Hi everyone! I am new to the forum but not to modeling. In fact, I have had more time recently to work through some of my backlog. 

However, I can't find the instructions to my 1960s Johnny Lightning 1:24 diecast Batmobile. I think they are practically the same as the instructions for the all-styrene Batmobile, so those may be helpful as well. I saw a partial scan on Starship Modeler (in a review -- their instructions library is still offline) but it's not the whole sheet and it's kind of small as well.

I posted this request yesterday in the Die-Cast forum, but then thought this might be a better venue.

Thanks in advance! I used to post (about 10 years ago) on the TrekBBS and although I spent a lot of time in Science Fiction & Fantasy, I used to lurk in the TrekArt forum -- any old TrekBBSers around here?


----------



## vypurr59 (Sep 25, 2011)

You could try here
http://public.fotki.com/drasticplasticsmcc/


----------



## Tom Servo (Sep 23, 2003)

Thanks!

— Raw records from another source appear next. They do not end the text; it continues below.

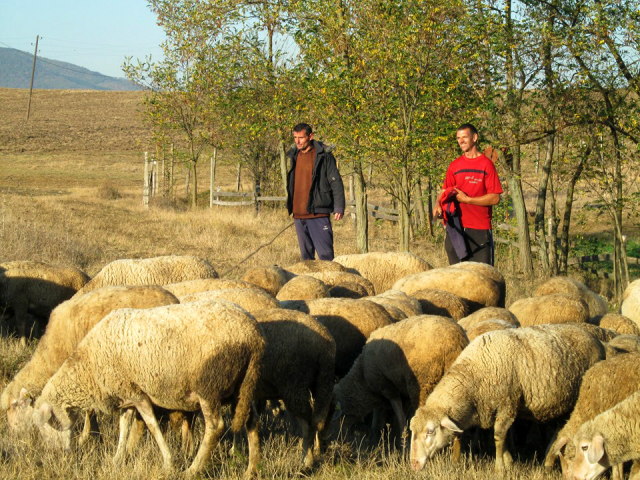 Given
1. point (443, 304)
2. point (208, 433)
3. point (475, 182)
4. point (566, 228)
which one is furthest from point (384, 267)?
point (566, 228)

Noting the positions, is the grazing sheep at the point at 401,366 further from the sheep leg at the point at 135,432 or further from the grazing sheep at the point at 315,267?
the grazing sheep at the point at 315,267

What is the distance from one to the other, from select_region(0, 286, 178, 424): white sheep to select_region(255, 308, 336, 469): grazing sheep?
4.08ft

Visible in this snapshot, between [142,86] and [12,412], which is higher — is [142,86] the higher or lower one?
the higher one

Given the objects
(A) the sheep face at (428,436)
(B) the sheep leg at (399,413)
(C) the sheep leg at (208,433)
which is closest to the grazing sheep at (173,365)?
(C) the sheep leg at (208,433)

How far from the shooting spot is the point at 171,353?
16.5ft

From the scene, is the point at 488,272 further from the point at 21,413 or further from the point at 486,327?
the point at 21,413

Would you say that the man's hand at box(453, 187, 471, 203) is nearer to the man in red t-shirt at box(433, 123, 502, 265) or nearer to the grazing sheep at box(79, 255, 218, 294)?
the man in red t-shirt at box(433, 123, 502, 265)

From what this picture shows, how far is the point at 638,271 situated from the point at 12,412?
1356 cm

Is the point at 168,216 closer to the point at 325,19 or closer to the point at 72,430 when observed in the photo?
the point at 325,19

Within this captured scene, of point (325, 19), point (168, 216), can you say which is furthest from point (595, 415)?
point (168, 216)

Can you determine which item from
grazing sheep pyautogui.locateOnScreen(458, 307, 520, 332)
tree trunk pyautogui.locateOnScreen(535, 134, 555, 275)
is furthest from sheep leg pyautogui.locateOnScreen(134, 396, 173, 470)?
tree trunk pyautogui.locateOnScreen(535, 134, 555, 275)

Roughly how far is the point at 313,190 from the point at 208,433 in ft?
17.7

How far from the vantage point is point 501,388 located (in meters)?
5.62

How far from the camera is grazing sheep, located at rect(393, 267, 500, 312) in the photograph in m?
8.44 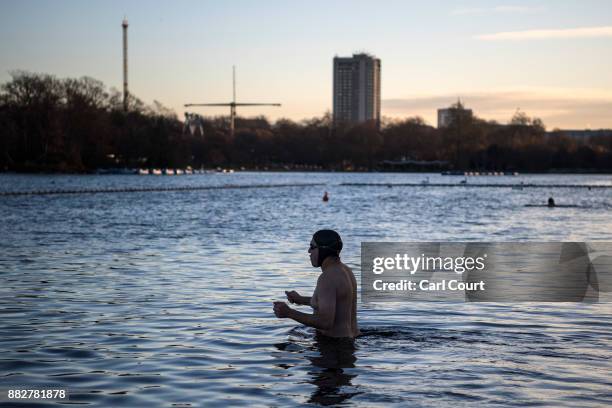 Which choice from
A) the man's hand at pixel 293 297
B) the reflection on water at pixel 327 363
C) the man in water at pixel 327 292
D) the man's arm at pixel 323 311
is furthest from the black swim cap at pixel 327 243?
the reflection on water at pixel 327 363

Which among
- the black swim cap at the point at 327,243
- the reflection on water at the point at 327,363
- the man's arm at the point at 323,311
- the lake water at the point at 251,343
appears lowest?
the lake water at the point at 251,343

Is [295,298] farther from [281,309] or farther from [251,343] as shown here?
[251,343]

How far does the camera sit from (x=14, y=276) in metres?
23.9

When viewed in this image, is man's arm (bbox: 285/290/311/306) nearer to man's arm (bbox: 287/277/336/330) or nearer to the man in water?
the man in water

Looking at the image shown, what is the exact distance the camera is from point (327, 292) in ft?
41.3

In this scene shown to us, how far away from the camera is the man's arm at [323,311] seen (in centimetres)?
1250

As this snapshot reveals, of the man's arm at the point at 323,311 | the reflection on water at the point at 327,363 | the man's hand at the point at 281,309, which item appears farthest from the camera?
the man's arm at the point at 323,311

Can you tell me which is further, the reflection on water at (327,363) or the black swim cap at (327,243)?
the black swim cap at (327,243)

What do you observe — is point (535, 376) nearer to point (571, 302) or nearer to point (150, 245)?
point (571, 302)

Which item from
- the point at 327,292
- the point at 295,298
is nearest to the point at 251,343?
the point at 295,298

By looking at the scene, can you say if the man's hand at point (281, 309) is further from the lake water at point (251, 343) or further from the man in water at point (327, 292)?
the lake water at point (251, 343)

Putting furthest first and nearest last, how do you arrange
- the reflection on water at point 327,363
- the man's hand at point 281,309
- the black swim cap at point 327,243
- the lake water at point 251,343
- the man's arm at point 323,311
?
the man's arm at point 323,311, the black swim cap at point 327,243, the man's hand at point 281,309, the lake water at point 251,343, the reflection on water at point 327,363

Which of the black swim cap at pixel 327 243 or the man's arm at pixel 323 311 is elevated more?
the black swim cap at pixel 327 243

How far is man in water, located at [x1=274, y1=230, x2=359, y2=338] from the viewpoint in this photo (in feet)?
40.6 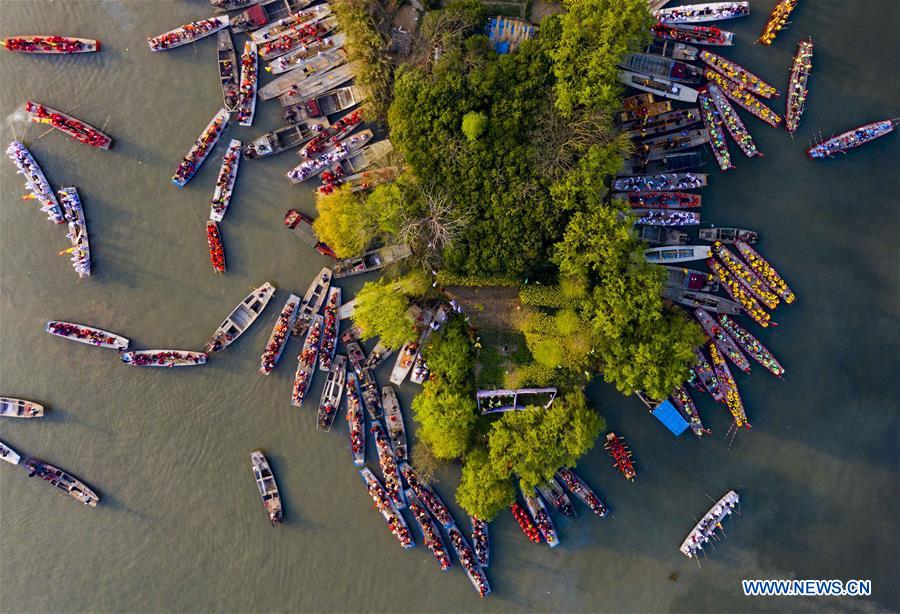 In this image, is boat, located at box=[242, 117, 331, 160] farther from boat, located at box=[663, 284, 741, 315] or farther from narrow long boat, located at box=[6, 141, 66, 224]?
boat, located at box=[663, 284, 741, 315]

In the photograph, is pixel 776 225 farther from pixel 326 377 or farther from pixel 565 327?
pixel 326 377

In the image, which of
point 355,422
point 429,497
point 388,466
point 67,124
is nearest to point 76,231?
point 67,124

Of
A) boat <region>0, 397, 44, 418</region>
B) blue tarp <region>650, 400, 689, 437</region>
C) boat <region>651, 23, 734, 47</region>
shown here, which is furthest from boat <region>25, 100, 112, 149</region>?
blue tarp <region>650, 400, 689, 437</region>

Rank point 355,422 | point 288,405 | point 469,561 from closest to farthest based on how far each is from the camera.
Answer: point 355,422 → point 469,561 → point 288,405

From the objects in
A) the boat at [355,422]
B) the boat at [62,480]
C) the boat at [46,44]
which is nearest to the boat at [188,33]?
the boat at [46,44]

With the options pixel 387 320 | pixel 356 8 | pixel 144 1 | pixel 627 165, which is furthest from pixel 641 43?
pixel 144 1

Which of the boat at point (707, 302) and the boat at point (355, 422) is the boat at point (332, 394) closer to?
the boat at point (355, 422)

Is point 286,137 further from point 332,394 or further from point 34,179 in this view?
point 332,394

I didn't find what I needed, but that looks like a good resource.


----------



## vypurr59 (Sep 25, 2011)

Sorry you didn't find it, but Yes it is a good resource. You may want to post a message on their site. Maybe some one has it and can put it up there.


----------



## rlyoung1 (Nov 4, 1999)

I have the instructions you need. I'll try to remember to grab them when I go to my storage unit later this week.


----------